▼▼▼

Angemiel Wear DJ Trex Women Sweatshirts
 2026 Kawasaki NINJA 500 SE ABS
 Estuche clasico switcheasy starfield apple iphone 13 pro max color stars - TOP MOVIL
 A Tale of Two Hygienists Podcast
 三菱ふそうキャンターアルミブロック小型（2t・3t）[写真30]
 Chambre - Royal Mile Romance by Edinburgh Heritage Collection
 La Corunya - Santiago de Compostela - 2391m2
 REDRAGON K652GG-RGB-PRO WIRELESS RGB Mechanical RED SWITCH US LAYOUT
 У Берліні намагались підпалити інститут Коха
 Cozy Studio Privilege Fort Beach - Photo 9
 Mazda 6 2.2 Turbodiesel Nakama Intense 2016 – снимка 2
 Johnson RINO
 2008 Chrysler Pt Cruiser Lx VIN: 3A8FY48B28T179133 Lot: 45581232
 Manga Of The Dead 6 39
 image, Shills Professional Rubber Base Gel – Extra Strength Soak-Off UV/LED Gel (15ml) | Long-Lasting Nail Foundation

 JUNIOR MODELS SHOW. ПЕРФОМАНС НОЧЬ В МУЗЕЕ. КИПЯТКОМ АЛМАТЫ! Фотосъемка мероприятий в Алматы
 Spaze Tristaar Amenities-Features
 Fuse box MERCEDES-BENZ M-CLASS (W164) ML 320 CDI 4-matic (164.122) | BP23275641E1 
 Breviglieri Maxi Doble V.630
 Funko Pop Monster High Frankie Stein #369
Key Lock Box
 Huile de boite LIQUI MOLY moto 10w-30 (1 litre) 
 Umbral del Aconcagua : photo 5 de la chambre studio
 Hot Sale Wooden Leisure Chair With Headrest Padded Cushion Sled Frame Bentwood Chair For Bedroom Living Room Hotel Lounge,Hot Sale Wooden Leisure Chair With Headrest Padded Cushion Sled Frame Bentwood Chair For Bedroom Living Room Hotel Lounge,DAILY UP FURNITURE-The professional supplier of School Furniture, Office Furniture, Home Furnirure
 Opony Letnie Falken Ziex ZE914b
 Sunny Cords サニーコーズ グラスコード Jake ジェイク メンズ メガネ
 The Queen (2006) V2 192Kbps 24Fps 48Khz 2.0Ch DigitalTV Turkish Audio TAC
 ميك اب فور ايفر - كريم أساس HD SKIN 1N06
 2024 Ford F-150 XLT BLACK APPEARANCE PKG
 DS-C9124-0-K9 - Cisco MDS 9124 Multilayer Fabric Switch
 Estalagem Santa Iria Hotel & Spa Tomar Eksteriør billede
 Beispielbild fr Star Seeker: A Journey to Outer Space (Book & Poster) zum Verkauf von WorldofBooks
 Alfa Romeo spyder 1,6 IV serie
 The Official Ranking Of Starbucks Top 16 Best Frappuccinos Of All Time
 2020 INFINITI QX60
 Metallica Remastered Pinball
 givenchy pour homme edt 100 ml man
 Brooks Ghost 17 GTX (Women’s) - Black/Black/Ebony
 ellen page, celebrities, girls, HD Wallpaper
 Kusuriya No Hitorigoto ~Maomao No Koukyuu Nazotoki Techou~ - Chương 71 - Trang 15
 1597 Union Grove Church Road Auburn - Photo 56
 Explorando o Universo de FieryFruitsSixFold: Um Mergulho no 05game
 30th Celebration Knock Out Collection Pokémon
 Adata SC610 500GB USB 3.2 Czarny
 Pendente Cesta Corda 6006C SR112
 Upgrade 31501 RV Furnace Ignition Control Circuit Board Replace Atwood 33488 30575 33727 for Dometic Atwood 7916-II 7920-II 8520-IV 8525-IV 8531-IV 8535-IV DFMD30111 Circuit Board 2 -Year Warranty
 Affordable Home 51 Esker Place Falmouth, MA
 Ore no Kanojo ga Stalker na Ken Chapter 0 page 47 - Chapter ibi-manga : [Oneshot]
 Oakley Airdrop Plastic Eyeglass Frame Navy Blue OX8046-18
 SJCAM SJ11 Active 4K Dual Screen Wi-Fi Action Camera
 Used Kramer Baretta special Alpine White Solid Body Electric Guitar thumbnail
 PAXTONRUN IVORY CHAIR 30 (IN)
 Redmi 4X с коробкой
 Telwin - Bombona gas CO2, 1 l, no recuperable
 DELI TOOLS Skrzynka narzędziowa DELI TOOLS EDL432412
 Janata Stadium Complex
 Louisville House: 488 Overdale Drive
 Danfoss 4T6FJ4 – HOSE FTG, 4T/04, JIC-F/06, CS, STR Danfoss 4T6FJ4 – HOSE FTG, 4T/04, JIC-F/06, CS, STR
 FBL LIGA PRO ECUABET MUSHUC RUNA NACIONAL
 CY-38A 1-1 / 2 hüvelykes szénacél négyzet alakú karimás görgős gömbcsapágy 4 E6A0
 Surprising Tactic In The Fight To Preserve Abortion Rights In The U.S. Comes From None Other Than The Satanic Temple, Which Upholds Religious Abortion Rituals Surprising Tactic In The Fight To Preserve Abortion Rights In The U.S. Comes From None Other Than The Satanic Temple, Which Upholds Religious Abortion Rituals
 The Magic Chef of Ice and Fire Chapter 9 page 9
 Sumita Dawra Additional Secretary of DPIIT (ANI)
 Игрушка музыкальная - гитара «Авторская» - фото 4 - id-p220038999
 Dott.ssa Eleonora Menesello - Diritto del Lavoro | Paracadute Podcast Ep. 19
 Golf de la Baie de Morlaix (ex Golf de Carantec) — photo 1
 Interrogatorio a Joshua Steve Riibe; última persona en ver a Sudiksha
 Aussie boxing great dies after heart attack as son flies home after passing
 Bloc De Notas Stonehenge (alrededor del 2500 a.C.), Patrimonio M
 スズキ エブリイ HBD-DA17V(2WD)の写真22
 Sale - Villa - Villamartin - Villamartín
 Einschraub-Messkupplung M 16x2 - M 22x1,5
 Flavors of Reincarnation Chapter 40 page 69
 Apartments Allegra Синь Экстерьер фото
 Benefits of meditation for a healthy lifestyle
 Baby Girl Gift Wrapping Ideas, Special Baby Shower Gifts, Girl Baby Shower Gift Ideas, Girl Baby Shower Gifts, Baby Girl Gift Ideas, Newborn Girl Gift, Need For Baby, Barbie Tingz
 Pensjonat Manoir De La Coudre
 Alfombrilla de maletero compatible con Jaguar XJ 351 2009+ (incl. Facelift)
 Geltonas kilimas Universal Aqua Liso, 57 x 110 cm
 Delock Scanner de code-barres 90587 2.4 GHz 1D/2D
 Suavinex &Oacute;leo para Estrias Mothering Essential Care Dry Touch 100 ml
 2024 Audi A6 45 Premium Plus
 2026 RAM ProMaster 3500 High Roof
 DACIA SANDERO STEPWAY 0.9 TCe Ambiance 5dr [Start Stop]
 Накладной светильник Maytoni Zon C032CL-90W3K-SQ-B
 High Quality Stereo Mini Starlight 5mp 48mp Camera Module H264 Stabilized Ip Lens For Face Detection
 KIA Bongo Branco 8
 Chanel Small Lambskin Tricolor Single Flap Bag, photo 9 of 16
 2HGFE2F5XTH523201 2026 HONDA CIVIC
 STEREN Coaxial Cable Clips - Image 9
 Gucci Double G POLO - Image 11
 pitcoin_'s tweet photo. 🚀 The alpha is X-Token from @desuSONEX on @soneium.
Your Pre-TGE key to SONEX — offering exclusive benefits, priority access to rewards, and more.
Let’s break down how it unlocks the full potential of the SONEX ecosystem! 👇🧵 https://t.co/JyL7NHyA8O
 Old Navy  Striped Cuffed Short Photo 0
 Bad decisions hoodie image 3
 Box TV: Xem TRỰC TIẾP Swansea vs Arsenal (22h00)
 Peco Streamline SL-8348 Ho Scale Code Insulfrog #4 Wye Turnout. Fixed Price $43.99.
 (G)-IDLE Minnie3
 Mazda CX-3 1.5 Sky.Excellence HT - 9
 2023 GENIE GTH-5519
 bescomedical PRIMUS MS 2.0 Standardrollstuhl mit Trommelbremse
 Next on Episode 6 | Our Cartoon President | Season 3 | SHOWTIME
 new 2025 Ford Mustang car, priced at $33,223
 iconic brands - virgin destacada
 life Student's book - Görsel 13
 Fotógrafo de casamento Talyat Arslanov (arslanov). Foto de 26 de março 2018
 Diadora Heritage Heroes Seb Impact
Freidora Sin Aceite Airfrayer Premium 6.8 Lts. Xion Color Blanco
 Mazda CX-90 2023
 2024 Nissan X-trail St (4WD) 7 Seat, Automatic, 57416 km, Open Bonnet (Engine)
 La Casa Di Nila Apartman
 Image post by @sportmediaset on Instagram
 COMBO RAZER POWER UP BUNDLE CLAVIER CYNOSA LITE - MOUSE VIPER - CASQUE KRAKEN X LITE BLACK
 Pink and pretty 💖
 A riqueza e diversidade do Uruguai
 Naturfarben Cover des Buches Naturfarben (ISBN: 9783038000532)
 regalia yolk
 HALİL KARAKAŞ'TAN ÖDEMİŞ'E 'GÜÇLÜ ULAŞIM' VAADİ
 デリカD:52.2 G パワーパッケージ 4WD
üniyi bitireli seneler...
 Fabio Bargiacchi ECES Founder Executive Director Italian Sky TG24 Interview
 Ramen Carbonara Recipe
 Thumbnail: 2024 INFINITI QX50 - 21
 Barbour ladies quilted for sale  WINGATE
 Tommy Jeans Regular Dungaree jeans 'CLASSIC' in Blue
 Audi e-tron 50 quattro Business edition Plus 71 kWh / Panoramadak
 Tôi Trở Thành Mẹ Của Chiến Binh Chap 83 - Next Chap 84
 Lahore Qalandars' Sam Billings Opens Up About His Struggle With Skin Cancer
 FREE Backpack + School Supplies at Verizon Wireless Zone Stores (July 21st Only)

▲▲▲

AIM OF THE EXERCISE
Each line from the start of the listing through the line with "givenchy pour homme edt 100 ml man" is to be restated verbatim, both ends included.

YOUR SOLUTION
Angemiel Wear DJ Trex Women Sweatshirts
 2026 Kawasaki NINJA 500 SE ABS
 Estuche clasico switcheasy starfield apple iphone 13 pro max color stars - TOP MOVIL
 A Tale of Two Hygienists Podcast
 三菱ふそうキャンターアルミブロック小型（2t・3t）[写真30]
 Chambre - Royal Mile Romance by Edinburgh Heritage Collection
 La Corunya - Santiago de Compostela - 2391m2
 REDRAGON K652GG-RGB-PRO WIRELESS RGB Mechanical RED SWITCH US LAYOUT
 У Берліні намагались підпалити інститут Коха
 Cozy Studio Privilege Fort Beach - Photo 9
 Mazda 6 2.2 Turbodiesel Nakama Intense 2016 – снимка 2
 Johnson RINO
 2008 Chrysler Pt Cruiser Lx VIN: 3A8FY48B28T179133 Lot: 45581232
 Manga Of The Dead 6 39
 image, Shills Professional Rubber Base Gel – Extra Strength Soak-Off UV/LED Gel (15ml) | Long-Lasting Nail Foundation

 JUNIOR MODELS SHOW. ПЕРФОМАНС НОЧЬ В МУЗЕЕ. КИПЯТКОМ АЛМАТЫ! Фотосъемка мероприятий в Алматы
 Spaze Tristaar Amenities-Features
 Fuse box MERCEDES-BENZ M-CLASS (W164) ML 320 CDI 4-matic (164.122) | BP23275641E1 
 Breviglieri Maxi Doble V.630
 Funko Pop Monster High Frankie Stein #369
Key Lock Box
 Huile de boite LIQUI MOLY moto 10w-30 (1 litre) 
 Umbral del Aconcagua : photo 5 de la chambre studio
 Hot Sale Wooden Leisure Chair With Headrest Padded Cushion Sled Frame Bentwood Chair For Bedroom Living Room Hotel Lounge,Hot Sale Wooden Leisure Chair With Headrest Padded Cushion Sled Frame Bentwood Chair For Bedroom Living Room Hotel Lounge,DAILY UP FURNITURE-The professional supplier of School Furniture, Office Furniture, Home Furnirure
 Opony Letnie Falken Ziex ZE914b
 Sunny Cords サニーコーズ グラスコード Jake ジェイク メンズ メガネ
 The Queen (2006) V2 192Kbps 24Fps 48Khz 2.0Ch DigitalTV Turkish Audio TAC
 ميك اب فور ايفر - كريم أساس HD SKIN 1N06
 2024 Ford F-150 XLT BLACK APPEARANCE PKG
 DS-C9124-0-K9 - Cisco MDS 9124 Multilayer Fabric Switch
 Estalagem Santa Iria Hotel & Spa Tomar Eksteriør billede
 Beispielbild fr Star Seeker: A Journey to Outer Space (Book & Poster) zum Verkauf von WorldofBooks
 Alfa Romeo spyder 1,6 IV serie
 The Official Ranking Of Starbucks Top 16 Best Frappuccinos Of All Time
 2020 INFINITI QX60
 Metallica Remastered Pinball
 givenchy pour homme edt 100 ml man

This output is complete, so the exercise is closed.